Linear Peristaltic Filtration Embodiment
FIG. 5 shows a second, linear embodiment of a dewatering apparatus incorporating peristaltic filtration. Hose 301 is supported on a flat support surface 509, and compression roller 303 is driven along the hose. The mechanism that compresses the hose includes a conveyor belt 501 that travels along and between a first drive roller 503 and a second drive roller 505. Compression rollers 303 are rotatably attached compression roller supports 507, which are in turn attached to belt 501. One or both of drive rollers 503 and 505 are attached to a motor that is not shown in FIG. 5. The roller and motor configuration illustrated in FIG. 5 are not meant to limit this invention, and any number of conveyor drive mechanisms may be employed to drive linear peristaltic filter. Thus rollers 503 and 505 may be directly coupled, belt coupled or gear driven, or there may be other rollers along which belt 501 travels as part of this invention. As rollers 505 and 505 rotate, compression roller 303 forces hose 301 against support surface 509 with sufficient force to pinch off the hose and induce peristaltic motion along the hose, as described previously in terms of the rotary peristaltic filter. In addition, hose 301 is similar to that described previously, and thus the peristaltic motion also results in filtration and achieves the advantages of this invention.

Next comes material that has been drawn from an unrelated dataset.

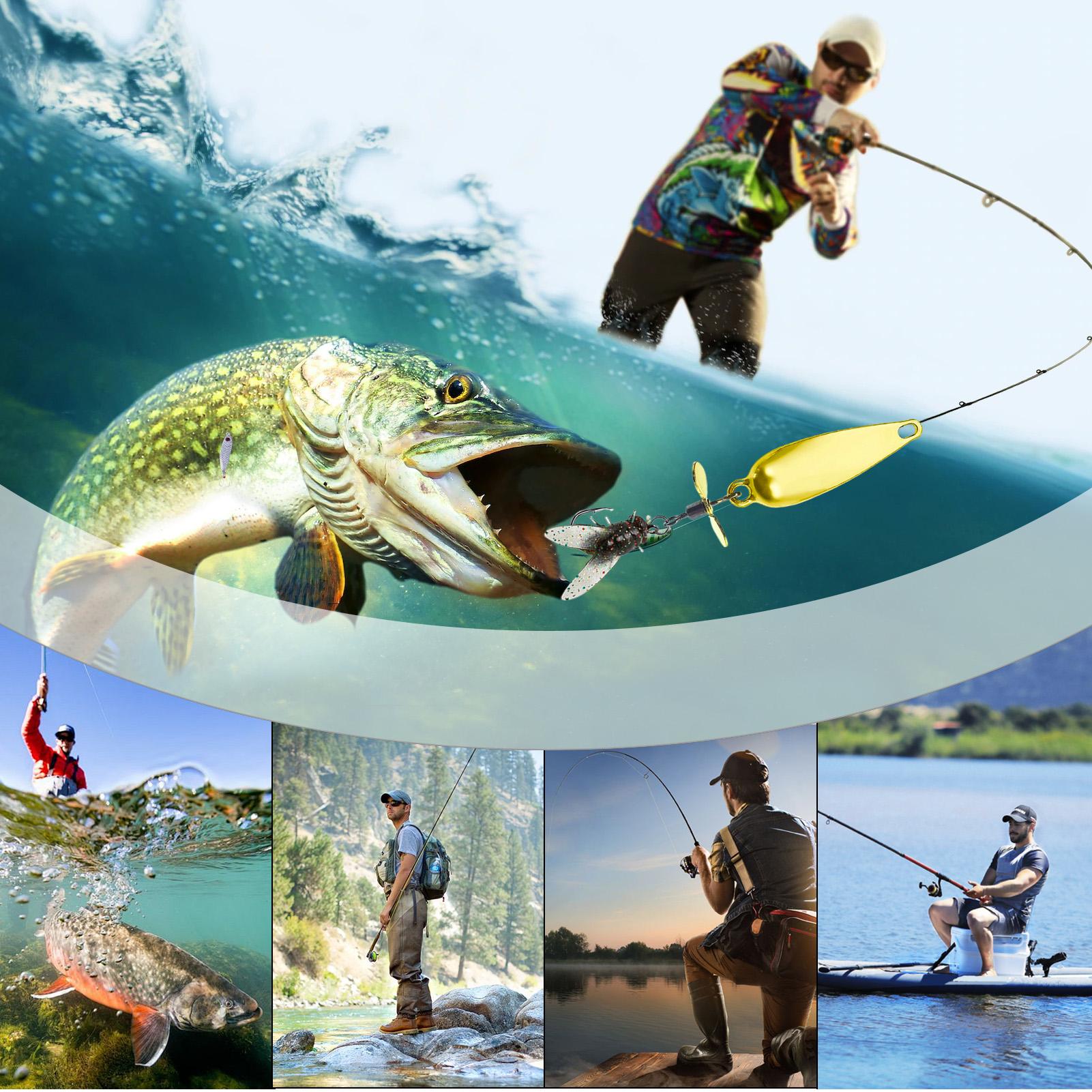 3 Pack Metal Spinner Baits 3D  - Fishing Lure Blade Bait บทวิจารณ์และราคา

The compression force is controlled by the tension on belt 501 resulting from the separation of rollers 503 and 505 and the position of the rollers relative to support surface 509. By placing the second roller 505 closer to surface 509 than roller 503, for example, compression roller 303 will exert more force onto hose 301 while moving along the hose. Thus a linear embodiment of the present invention includes all of the advantages previously discussed.
Additional Compression Embodiments
In addition to the linear and rotary peristaltic filtration devices described previously, the application of force to the peristaltic filtration hose can be applied by other than rollers. If the outer hose surface is comprised of a low friction material, the rollers can be replaced with surfaces that slide along the hose. It is also possible to arrange controllable compression devices along the length of hose, such as hydraulically actuated collars, electronically controlled pressure plates, or material embedded within the hose that contracts by application of an electric or magnetic field, such that the hose is sequentially pinched at closely spaced intervals, inducing peristaltic flow. In systems in which the force is controllable, it may also be possible to combine peristaltic filtration with standard filtration by sequentially admitting a suspension, pinching the ends of the hose, increasing the pressure along the pinched off section by external application of force, and then inducing peristaltic motion to either continue to filter the suspension or to only pump the concentrate.
The invention has now been explained with regard to specific embodiments. Variations on these embodiments and other embodiments will be apparent to those of skill in the art. It is understood that the examples and embodiments described herein are for illustrative purposes only and that various modifications or changes in light thereof will be suggested to persons skilled in the art and are to be included within the spirit and purview of this application and scope of the appended claims. All publications, patents, and patent applications cited herein are hereby incorporated by reference in their entirety for all purposes.